American musical legend Chuck Berry, 90, who helped define rock ‘n’ roll’s potential and attitude in its early years is dead.
St. Charles County Police Department in Missouri confirmed his death on its Facebook page on Sunday.
While Elvis Presley was rock’s first pop star and teenage heartthrob, Berry was its master theorist and conceptual genius, the songwriter who understood what the kids wanted before they knew themselves.
With songs like “Johnny B. Goode” and “Roll Over Beethoven,” he gave his listeners more than they knew they were getting from jukebox entertainment.

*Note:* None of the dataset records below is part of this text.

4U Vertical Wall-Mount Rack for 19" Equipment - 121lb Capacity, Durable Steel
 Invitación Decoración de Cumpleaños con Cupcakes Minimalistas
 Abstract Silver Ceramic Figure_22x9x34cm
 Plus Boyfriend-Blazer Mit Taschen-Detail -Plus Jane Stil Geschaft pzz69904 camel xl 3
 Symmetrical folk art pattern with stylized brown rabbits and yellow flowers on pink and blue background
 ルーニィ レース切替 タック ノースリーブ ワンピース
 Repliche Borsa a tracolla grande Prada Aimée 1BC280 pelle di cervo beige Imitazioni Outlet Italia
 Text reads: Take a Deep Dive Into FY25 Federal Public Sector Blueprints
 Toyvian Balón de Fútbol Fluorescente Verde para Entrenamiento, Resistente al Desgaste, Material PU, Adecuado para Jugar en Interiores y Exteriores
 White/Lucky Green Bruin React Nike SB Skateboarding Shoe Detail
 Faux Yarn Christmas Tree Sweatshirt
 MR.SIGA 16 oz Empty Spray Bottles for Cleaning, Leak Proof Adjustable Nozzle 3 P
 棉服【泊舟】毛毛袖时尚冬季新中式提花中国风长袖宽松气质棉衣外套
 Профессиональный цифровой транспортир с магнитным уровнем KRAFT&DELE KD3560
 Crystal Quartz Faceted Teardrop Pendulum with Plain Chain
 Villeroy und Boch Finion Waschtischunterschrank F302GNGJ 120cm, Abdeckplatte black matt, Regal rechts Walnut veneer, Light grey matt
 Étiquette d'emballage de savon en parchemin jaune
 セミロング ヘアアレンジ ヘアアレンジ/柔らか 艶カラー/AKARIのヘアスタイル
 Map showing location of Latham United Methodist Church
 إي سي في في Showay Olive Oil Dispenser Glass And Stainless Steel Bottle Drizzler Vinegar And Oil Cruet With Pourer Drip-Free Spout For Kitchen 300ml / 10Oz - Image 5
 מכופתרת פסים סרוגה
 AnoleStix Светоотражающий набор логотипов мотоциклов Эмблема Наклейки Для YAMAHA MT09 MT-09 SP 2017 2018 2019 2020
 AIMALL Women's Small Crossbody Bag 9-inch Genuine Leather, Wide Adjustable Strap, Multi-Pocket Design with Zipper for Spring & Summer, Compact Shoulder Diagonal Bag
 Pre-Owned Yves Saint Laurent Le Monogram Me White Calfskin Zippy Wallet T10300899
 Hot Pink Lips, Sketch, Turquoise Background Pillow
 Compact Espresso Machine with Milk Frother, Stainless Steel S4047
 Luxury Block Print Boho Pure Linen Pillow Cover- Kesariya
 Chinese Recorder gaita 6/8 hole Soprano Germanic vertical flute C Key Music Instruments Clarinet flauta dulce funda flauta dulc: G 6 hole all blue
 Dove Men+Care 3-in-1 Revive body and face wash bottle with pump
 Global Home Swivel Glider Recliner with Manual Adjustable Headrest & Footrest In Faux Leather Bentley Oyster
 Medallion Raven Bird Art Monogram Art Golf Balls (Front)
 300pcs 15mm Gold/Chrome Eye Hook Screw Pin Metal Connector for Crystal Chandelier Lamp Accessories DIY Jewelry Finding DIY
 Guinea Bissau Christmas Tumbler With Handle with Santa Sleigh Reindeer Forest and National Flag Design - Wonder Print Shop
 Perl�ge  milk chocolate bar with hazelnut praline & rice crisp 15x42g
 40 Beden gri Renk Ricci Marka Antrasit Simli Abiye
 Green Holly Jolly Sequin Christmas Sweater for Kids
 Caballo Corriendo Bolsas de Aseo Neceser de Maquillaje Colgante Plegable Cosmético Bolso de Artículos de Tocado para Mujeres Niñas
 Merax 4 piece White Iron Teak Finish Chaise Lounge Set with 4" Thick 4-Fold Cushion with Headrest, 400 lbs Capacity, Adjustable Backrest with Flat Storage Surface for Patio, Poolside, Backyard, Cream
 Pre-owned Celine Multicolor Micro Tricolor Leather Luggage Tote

His guitar lines wired the lean twang of country and the bite of the blues into phrases with both a streamlined trajectory and a long memory.
And tucked into the lighthearted, telegraphic narratives that he sang with such clear enunciation was a sly defiance, upending convention to claim the pleasures of the moment.
In “Sweet Little Sixteen,” “You Can’t Catch Me” and other songs,
Mr. Berry invented rock as a music of teenage wishes fulfilled and good times (even with cops in pursuit).
In “Promised Land,” “Too Much Monkey Business” and “Brown Eyed Handsome Man,” he celebrated and satirized America’s opportunities and class tensions.
His rock ’n’ roll was a music of joyful lusts, laughed-off tensions and gleefully shattered icons.